Mary Hall, Richard Ladner, Diane Levitt, Manuel Pérez-Quiñones: Broadening Participation in Computing Is Easier Than You Think
Saurabh Bagchi: Short Take: Big Data and IoT in Practice
What's Driving the Convergence?
Use Cases for Collecting Big Data
Factors Helping Adoption of Academic Research
Conclusion
Authors
Footnotes

https://cacm.acm.org/blogs/blog-cacm/233339-broadening-participation-in-computing-is-easier-than-you-think/fulltext December 11, 2018

The U.S. National Science Foundation (NSF) recently introduced new requirements for the Computer and Information Science and Engineering (CISE) Directorate programs, whereby some funded projects must include a Broadening Participation in Computing (BPC) Plan. To facilitate this transition, the Computing Research Association (CRA) is launching a resource portal called BPCnet (https://bpcnet.org), which is being funded by NSF to connect organizations that provide BPC programs with computing departments and NSF grant proposers. These changes reflect a recognition that any significant impact on the diversity of the field will benefit greatly from engaging the entire academic computing research community. Many universities will respond by expanding their broadening participation efforts to include students from groups who are underrepresented in computing, including women, underrepresented minorities, and students with disabilities (URMD). Here we list 10 small steps departments can do toward this goal.

Organize departmental BPC efforts at your university: Create a signup list of diversity activities, and incentivize faculty to participate. Create a departmental strategic plan for broadening participation that faculty can support and amplify in their funded NSF CISE proposals. Consider how to leverage BPCnet providers as part of your departmental plan.
Optics matter: Include pictures of URMD students in websites and printed materials. Artwork, examples in class, etc., should appeal to all students and not reinforce stereotypes. The same goes for examples you present in class. If you think they fail to be inclusive, they probably are.
Make departmental infrastructure accessible, inclusive, internationalized: Provide accessible classrooms, labs, offices, websites, videos, etc. Use international alphabets for student names. Ask students for their preferred pronouns.
Measure and track: Analyze your enrollment, demographics, etc., regularly to identify problem areas and track changes, on your own, or with the CRA Data Buddies.
Create a community for URMD students: Sponsor student organizations, and send students to Grace Hopper, Tapia, and other celebrations of diversity in computing.
Recruit URMD teaching assistants, professors, advisors: Representation matters. Students value seeing someone who looks like them being successful in their field.
Promote undergraduate research: Work with women and URMD students in undergraduate research projects, such as through CRA's CREU and DREU.
Create curriculum enhancements that appeal to diverse students: Create introductory courses that assume no computing background, CS+X degree programs, service-learning, and accessibility electives.
Develop the K-12 pipeline: Work with K-12 teachers (CSTA) and improve state curricula (ECEP) to advance K-12 computing education.
Engage the community to stimulate computing interest and skills: Organize rigorous and joyful outreach events that bring diverse K-12 students and their families onto your campus.

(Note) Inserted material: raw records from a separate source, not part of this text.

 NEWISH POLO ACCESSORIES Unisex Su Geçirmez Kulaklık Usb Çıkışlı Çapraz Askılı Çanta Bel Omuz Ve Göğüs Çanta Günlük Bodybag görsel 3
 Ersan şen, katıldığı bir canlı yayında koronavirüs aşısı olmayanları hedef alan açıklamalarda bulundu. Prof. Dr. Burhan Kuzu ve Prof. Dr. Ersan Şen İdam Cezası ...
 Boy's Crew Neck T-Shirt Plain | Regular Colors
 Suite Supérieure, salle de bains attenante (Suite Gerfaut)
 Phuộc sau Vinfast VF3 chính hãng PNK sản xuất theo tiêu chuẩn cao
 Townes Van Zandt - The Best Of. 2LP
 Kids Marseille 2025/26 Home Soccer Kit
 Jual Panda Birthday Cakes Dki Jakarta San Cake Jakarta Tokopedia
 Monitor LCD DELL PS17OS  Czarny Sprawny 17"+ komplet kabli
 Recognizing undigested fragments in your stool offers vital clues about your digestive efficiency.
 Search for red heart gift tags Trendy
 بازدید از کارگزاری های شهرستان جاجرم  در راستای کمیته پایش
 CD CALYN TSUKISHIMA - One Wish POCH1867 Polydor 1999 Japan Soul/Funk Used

Saurabh Bagchi: Short Take: Big Data and IoT in Practice

https://cacm.acm.org/blogs/blog-cacm/233312-short-take-big-data-and-iot-in-practice/fulltext December 10, 2018

Beyond the tremendous level of activity around big data (data science, machine learning, data analytics … take your pick of terms) in research circles, I wanted to peek into some of the use cases for its adoption in the industries that deal with physical things, as opposed to digital objects, and draw some inferences about what conditions help adoption of the research we do in academic circles.

What's Driving the Convergence?

The convergence of Internet of Things (IoT) and big data is not surprising at all. Industries with lots of small assets (think pallets on a factory floor) or several large assets (think jet engines) have been putting many sensors on them. These sensors generate unending streams of data, thus satisfying two of the three V's of big data right there: velocity and volume. Next time you are on a plane and are lucky to be next to the wings, look underneath the wings and you will see an engine — if it is Rolls Royce or GE, it may even have been designed or manufactured in our backyard in Indiana. Engines like these are generating 10 GB/s of data (http://bit.ly/2LTsMjy) that is being fed back in real time to some onboard storage or more futuristically streamed to the vendor's private cloud. This is one piece of the IoT-big data puzzle, the data generation and transmission. This is the more mature part of the adoption story (http://bit.ly/2SzWTz3). The more evolving part of the big data story is the analysis of all this data to make actionable decisions, and that, too, in double-quick time.

Use Cases for Collecting Big Data

The second part of this story is in the analysis of all this data to generate actionable information. Talking to my industrial colleagues, there are five major use cases for such analysis:

Predictive maintenance/downtime minimization: Know when a component is going to fail before it fails, and swap it out or fix it.
Inventory tracking/loss prevention: Many industries of physical analog things have lots of moving parts; again, think of pallets being moved around. They want to track where a moving part is now and where all it has been.
Asset utilization: Get the right component to the right place at the right time so that it can be used more often.
Energy usage optimization: Self-explanatory, and increasingly important as the moral and dollar imperatives of reducing energy usage become more pressing.
Demand forecasting/capacity planning: Self-explanatory, but firms seem to be getting better at this at shorter time scales. Way back in 1969, the U.S. Federal Aviation Administration (FAA) was predicting air traffic demands on an annual basis (http://bit.ly/2BWj5fv); now think of predicting the demand for the World Cup soccer jerseys depending on which country is doing how well on a daily basis (http://bit.ly/2R3IcHL).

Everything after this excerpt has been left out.